I have discovered the best kind of lonely. Bear with me.
On Wednesday, Cody took off for a hunting trip. I didn’t have work that day and Cody had school all day so we saw each other for about a half hour while Cody was finishing his packing. And then he was off!
This was the first time we’d spent the night apart since we got married. Talk about weird!!
It’s been three days and I’ve had hardly any human contact other than my three classes on Thursday. I was kind of nuts at work earlier today. There were people there! I talked to someone other than myself! (Yes, I talk to myself. I prefer the term “thinking out loud.” Only the coolest people do it.)
I now understand why the people who get stranded on islands in movies act the way they do.
Anyway, it’s been rough. REALLY rough. I piled pillows on Cody’s side of the bed so there would be at least something there. I kept calling my mom because I needed to just talk and actually have a response. I’ve known this whole time that he’s not coming back until late Saturday or early Sunday.

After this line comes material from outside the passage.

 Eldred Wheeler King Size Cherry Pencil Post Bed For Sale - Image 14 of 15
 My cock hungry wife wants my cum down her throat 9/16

But, for some reason, I keep expecting him to walk through the door at any moment.
Then, when I went crazy cleaning the apartment, I realized something: this is the best kind of lonely. I should be grateful that I have such an amazing person to miss. I have so many adventures from these past few days to tell him about (from dressing a co-worker in a toga to blowing away my professor) and I can’t wait to hear his stories. He’s going to be coming back to me and that’s pretty great.